The ASX200 slumped below 5900 at the open and at 12.50 (AEDT) it was at 5,818.20, down 119.00 points or 2%.
The Nikkei 225 fell just over 3% when markets opened in Tokyo.
Mining companies on the ASX have been smashed, with BHP, the world’s biggest mining company, down almost 4% to $28.57 and Rio Tinto down 4.6% to $73.23.
All the big four banks were sliding. The ANZ was at $27.69, a 1.7% fall.
Bonds are rallying, with the yield on the benchmark 10-year Australian government bond tightening from just under 2.7% to 2.65%, signalling market demand for safe-haven assets. US 10-year Treasuries are also bid, with the yield falling from as high as 2.93% to 2.81%. (Yields fall when bond prices rise.)

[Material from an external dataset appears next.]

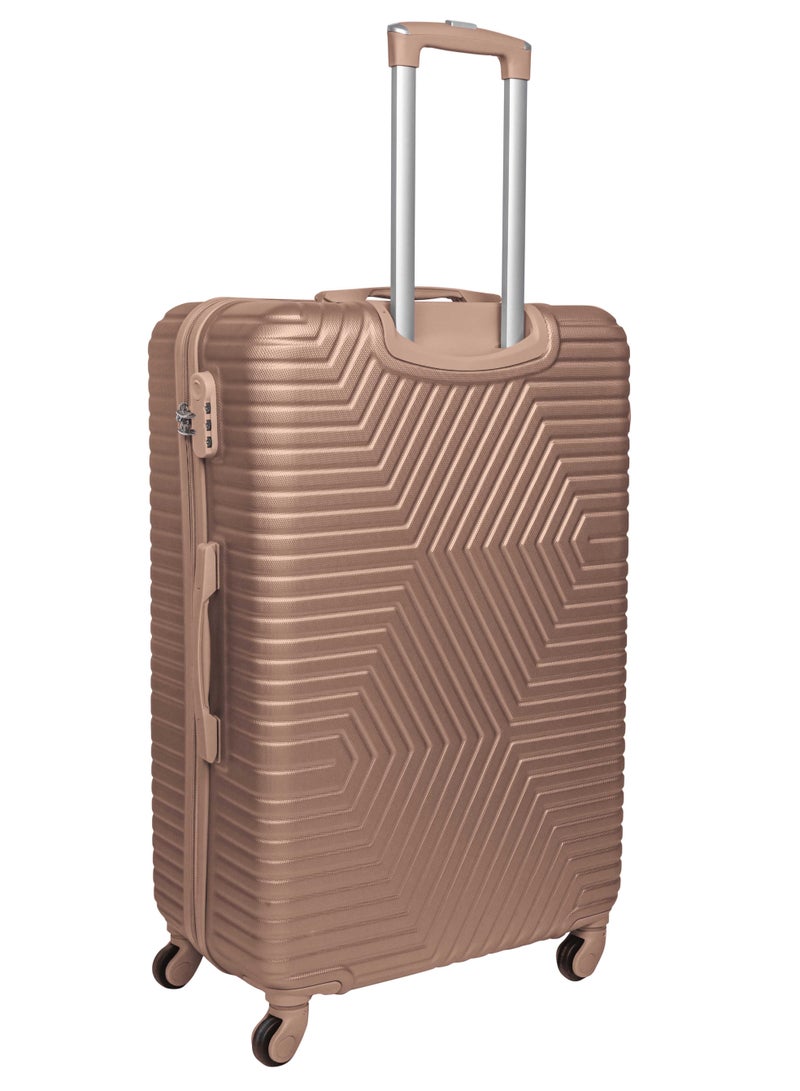 TRAVEL WAY حقيبة سفر خفيفة الوزن مقاس 24 بوصة من TravelWay تتسع لـ 20 كجم - حقيبة سفر صلبة للسفر | حقيبة أمتعة ABS مع 4 عجلات دوارة (ذهبي، 24 بوصة (61 سم)) - Image 2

Bluescope Steel was down 4.7% to $14.96.
Among retailers, department store Myer fell 8.3% to $0.362 and JB Hi-Fi 2.2% to $25.63.
US President Donald Trump signed a memorandum overnight that could impose tariffs on up to $US60 billion of Chinese imports.
The Dow Jones index closed 2.9% lower and the tech-heavy Nasdaq fell by 1.8%.
“Stocks were pulverised and industrial commodities sank on the announcement of US tariff barriers aimed at China,” said CMC Markets chief market strategist Michael McCarthy in a note ahead of the start of trade. “China’s response was swift and uncharacteristically blunt, and investors rushed for safety, driving bonds and gold higher. While the sanctions may later prove a negotiating tactic the impact on Asia Pacific markets today will be dramatic.”
Nick Twidale, COO at Rakuten Securities Australia, said: “Further uncertainty and increased tensions will only lead to further downside to the stock markets and to risk appetite.”